Analyzing Algorithms part 1
Andy Novocin
Daily Problem
The set cover problem: given a set of subsets \(S = \{S_1, \ldots, S_m\} \) each in \(U = \{1, 2, \ldots, n \}\) find the smallest subset of subsets \( T \subset S \) such that the union is \( U \).
Find a counter-example to the algorithm: Select the largest subset first, then delete those elements from \( U \).

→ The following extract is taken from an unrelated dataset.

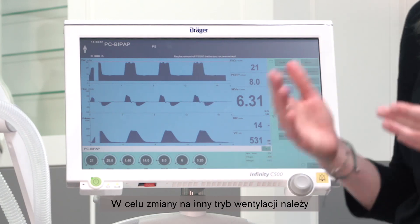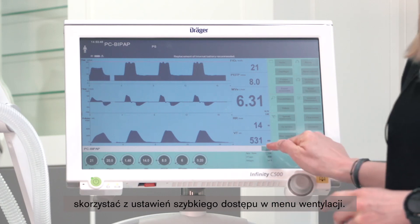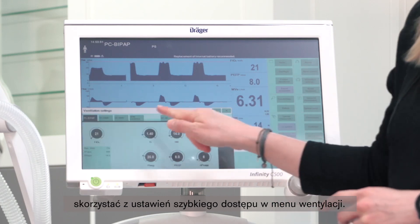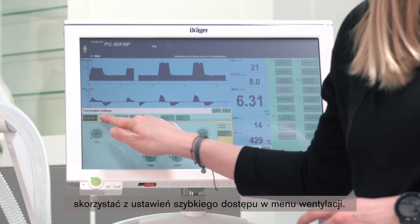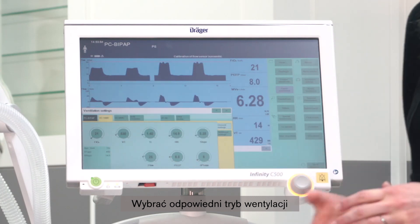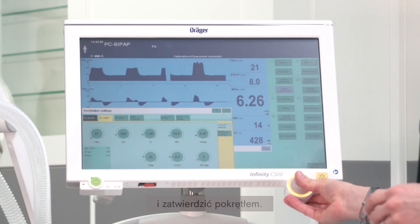If you want to change to a different ventilation mode, use the quick access to ventilation settings, select the respective ventilation mode, and confirm with the rotary knob.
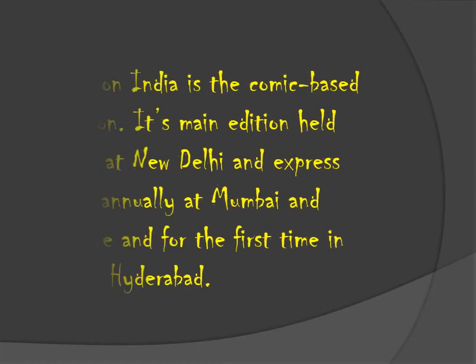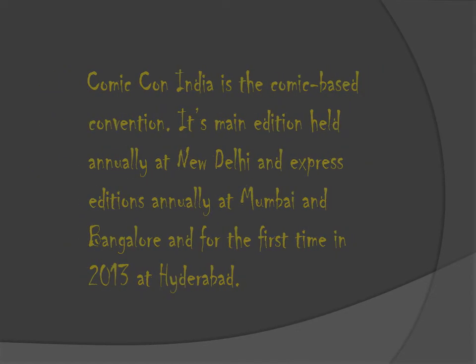Comic-Con India. Comic-Con India is the comic-based convention. Its main edition is held annually at New Delhi, and Express Editions are held annually at Mumbai and Bangalore. And for the first time in 2013, it was held at Hyderabad.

Repeat by selecting the subset containing the next most uncovered elements until everything is covered.
Can you devise an algorithm which will correctly terminate?
big-Oh Face
Algorithms are ideas, right?
How do I judge them?
Correctness, Efficiency, Simplicity
A Dumb Example:
for i in range(n):
print i*i + i
print n + n
How long did that take?
A function of n
n
multiplications of numbers \( \leq n \)
n
additions of numbers \( \leq n \)
one additional addition of size \( n \)
n+1
calls to print
???
\( \sum_{i=1}^n 3\log_{2^{53}}{i} + \log_{2^{53}}{n} + n \cdot \mathcal{C}(\textrm{print}) \)

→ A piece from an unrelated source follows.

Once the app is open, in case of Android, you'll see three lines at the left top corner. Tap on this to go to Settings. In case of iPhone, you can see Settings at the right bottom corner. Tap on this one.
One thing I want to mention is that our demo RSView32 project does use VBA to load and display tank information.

Even a simple bit of code is difficult to analyze fully
What if there is no specific implementation?
- gcd(\(a,b\)):
- if \( a \leq b \) return gcd(\(b, a\))
- \(r := a \mod b\)
- if \( r \neq 0 \) return gcd(\( b, r \))
- else return \(b\)
We need a model
Computational Model: RAM
Simple operations take 1 step
+,-,*,==,if,call
Memory is unlimited
Any memory address can be accessed in 1 step
Recursive calls, Loops, For are not simple and require care
RAM model allows us to count operations on a theoretical machine
It misses many small adjustments
But like Newtownian mechanics it's useful!
GCD (Euclidean algorithm)
mod
and if
are simple so cost 1
repeated 1-3 times per recursive call
How many recursive calls can there be?
Best, Average, Worst cases
Best case for gcd is \(a=x, b=x\) cost is 3
Average case, well, that depends IDEONE experiment showing 18.1799 for 32 bit integers.
Worst case is tricky, but Fibonacci bounded (inductive proof)
Approx 3 operations per digit (proof on board, if demanded)
In general, which number is most meaningful?
That's nice but how does the \( \mathcal{O}() \) come into the picture?
Orthogonal to the complexity model, but helpful in thinking it out
It is a way to compare any functions on large inputs
The algorithmic world needs to compare efficiencies
RAM lets us model the cost of an algorithm as a function
big-Oh is used to compare those functions
big-Oh in action
\( 2n^3 + 2013n^2 + 2 = \mathcal{O}(n^3) \)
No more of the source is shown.